Sono queste le uniche storie che possiamo raccontare, almeno fino a quando il pianeta, questa grassissima e presuntuosa palla piena di cose, ce lo permette.

So che insieme ai sommelier sono estinti pure i manifesti, ma se mai ne avessimo potuto scrivere uno per Tastingspots.com eccolo di cui sopra.

Ora è tardi, la storia è finita. Spengo la luce e buonanotte.

siete ancora svegli?

Allora ve ne racconto un’altra.

Se proprio non riuscite a fare a meno di raccontare il vino ecco un storia-esperimento che vi aiuterà a trovare la pace interiore.

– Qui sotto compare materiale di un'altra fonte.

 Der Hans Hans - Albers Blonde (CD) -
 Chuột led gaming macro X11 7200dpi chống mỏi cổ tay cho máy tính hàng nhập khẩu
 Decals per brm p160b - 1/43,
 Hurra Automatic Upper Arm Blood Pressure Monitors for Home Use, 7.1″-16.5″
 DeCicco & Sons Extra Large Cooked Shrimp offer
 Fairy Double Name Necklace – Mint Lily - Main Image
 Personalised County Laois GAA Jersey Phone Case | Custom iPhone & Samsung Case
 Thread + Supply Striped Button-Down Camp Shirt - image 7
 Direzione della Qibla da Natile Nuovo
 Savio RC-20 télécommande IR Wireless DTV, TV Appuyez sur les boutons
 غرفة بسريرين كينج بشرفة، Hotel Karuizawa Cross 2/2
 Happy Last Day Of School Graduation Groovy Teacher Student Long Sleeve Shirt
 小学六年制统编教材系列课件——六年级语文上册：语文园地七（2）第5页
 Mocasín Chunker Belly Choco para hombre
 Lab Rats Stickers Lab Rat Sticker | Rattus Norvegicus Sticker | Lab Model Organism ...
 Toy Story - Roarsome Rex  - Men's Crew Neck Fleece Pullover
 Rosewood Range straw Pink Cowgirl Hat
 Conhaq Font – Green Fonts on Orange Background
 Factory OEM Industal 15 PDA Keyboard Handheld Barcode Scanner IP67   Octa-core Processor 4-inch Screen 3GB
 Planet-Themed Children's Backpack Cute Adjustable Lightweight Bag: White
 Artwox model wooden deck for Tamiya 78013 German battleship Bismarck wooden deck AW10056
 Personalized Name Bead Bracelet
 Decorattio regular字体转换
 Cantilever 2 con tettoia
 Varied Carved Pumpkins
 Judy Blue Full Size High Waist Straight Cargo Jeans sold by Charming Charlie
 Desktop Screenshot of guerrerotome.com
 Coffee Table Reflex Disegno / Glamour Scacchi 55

C’era una volta una sera, solitaria, alla fine di un’interminabile degustazione di Champagne. Ecco che come Alice mi perdo nel bicchiere. Letteralmente. Nel senso che comincio a guardare le bolle nel bicchiere ed eccomi gettato in un universo altro. E allora chiamo subìto il mio amico Cinacchi (Aromi Creativi) e gli dico: portami un 100mm macro domani che dobbiamo fare un viaggio nello spazio.

Così il giorno dopo eccoci come due astronauti a viaggiare tra le bolle. Il mio amico Petrucci ci aveva anche messo una spettacolare colonna sonora ma youtube me l’ha censurata. Però il sottofondo potete metterlo voi (consiglio la sonata 111 di Bethooven, Philip Glass, free jazz, musica tradizionale cinese, funky flute e affini)

Siete da soli, caricate questo video (https://www.youtube.com/watch?v=GAoD07fw1s4&t=216s) a schermo intero (con o senza sottofondo) e in assoluto silenzio godetevi lo spettacolo. Dura 15 minuti ma potete metterlo in loop.

Vi assicuro che alla fine non avrete più voglia di parlare di vino ma in compenso, grazie al mio amico Pavlov, sbaverete come cani rabbiosi implorandomi di aprire questo maledetto nuovo locale.

Ci siamo, si ci siamo quasi!!!

Il 9 ho il primo incontro con l’Acea!!